Por justicia y por respeto a las víctimas de la dana
Saber todo lo ocurrido durante las terribles horas de la tragedia en Valencia es reconocer a las víctimas, sobre las que tanto se habla

En el sumario de la dana consta el caso de un vecino, policía de profesión, que bajó a ayudar a los demás hasta que el agua echó la puerta abajo y entró de golpe en el garaje. Consta el caso de una mujer que trató de sostener a su marido hasta que la corriente se lo llevó. Consta la llamada que una madre le hizo a su hija: “Me voy a morir ahogada”, le gritó. Consta el caso de un hombre que se agarró a una reja y pidió auxilio durante 40 minutos, antes de morir. Consta el caso del padre que perdió a sus hijos mientras él trataba de tenerse en un árbol en mitad de la riada.
Han pasado los días y los meses y, aunque la vida busque la manera de abrirse paso, la dana tiene atrapados aún a los pueblos que la sufrieron. Se ve en los daños, tan presentes. En esa marca de lodo y de barro que se ha quedado impregnada en las aceras y en el asfalto, en las paredes. En las tiendas que no abrirán y las que han abierto a duras penas. En las montañas de escombros y en las hileras de coches apilados en los descampados. En los carriles todavía cortados de las carreteras y en los restos que fueron a caer en los arcenes.

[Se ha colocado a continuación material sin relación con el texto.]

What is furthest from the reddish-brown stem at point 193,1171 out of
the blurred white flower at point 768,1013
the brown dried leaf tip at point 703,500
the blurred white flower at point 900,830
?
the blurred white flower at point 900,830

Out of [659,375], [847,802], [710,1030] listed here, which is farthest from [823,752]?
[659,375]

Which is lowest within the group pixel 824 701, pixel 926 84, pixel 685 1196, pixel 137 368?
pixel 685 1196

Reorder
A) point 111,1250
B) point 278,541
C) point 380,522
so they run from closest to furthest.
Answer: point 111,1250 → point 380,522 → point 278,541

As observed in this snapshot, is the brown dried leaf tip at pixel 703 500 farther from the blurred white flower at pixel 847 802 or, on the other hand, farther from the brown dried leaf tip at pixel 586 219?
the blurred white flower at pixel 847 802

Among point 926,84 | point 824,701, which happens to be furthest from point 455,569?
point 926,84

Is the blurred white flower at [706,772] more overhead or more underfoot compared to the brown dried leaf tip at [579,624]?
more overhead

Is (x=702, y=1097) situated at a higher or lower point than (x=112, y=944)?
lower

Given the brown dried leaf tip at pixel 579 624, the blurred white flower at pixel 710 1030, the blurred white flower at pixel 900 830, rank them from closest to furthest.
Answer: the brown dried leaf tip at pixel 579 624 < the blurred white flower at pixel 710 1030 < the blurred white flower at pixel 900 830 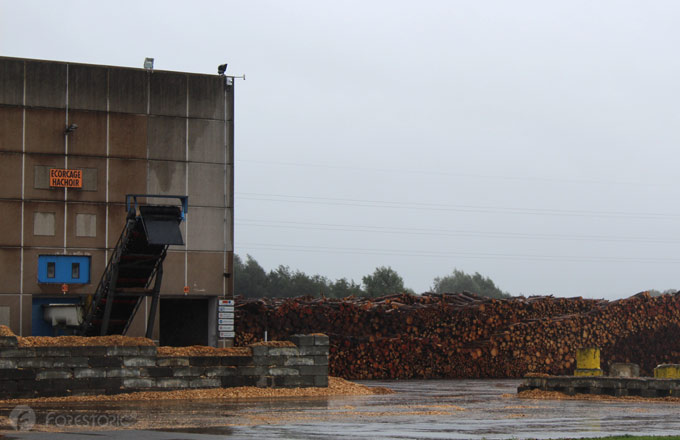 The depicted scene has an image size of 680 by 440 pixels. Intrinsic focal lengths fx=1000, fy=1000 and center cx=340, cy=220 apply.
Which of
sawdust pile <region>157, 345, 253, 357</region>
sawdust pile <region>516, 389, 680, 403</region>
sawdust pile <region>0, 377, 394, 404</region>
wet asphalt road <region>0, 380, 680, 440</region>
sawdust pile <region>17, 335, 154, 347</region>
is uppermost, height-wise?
sawdust pile <region>17, 335, 154, 347</region>

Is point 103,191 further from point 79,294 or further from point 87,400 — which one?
point 87,400

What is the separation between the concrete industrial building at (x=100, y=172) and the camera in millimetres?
30594

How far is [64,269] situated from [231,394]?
10786 mm

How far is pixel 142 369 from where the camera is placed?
22.0 meters

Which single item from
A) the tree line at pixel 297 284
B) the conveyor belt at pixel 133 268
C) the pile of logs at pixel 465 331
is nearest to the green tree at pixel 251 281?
the tree line at pixel 297 284

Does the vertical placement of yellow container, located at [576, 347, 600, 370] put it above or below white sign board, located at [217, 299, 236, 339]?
below

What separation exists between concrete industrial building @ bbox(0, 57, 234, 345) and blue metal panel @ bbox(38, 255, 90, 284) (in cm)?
3

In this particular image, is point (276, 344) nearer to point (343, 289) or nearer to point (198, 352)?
point (198, 352)

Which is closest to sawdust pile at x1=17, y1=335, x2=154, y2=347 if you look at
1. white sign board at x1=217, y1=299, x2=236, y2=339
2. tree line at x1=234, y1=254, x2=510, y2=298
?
white sign board at x1=217, y1=299, x2=236, y2=339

Pero donde más se percibe la dana es en aquello que menos se ve a simple vista, que es el recuerdo de quienes no la olvidarán nunca. Para miles de personas, la tragedia que arrasó sus casas es la realidad diaria de la que no pueden desprenderse. No se puede pasar de página ni cambiar de canal: es el pueblo en el que nacieron o al que emigraron. Donde lo tienen todo.
Allá donde ahora están una esquina o un árbol o una señal, lo que muchos verán todas sus vidas no será ni una esquina ni un árbol ni una señal, sino el punto al que alguien se aferró, desde donde alguien pidió auxilio o donde un padre logró poner a salvo a sus hijos antes de que el agua se los llevase. Los garajes de sus propias casas serán los sitios donde aparecieron los cuerpos de sus vecinos. Hay hijos para los que la planta baja en la que se criaron será para siempre el lugar al que acudieron, con el corazón en un puño y tras varios días de espanto, con la duda de si encontrarían a sus padres, vivos o muertos.
Insisten varias voces en el mensaje de que conviene centrarse en la reconstrucción, y quién podría negarlo. Claro: lo primero es que las calles y las plazas se parezcan cuanto antes a lo que eran. Pero querer saber lo que sucedió aquella tarde, minuto a minuto y sin que haya zonas de sombra ni versiones cambiantes, sin que se escondan los datos ni se escatimen las facturas, no es buscar polémicas ni oponerse a la reconstrucción. Al revés: es la consecuencia de reconocer a las personas damnificadas, de las que se habla tanto, su derecho a saber lo que ocurrió. Y a que se haga justicia. Es, al cabo, una elemental muestra de respeto.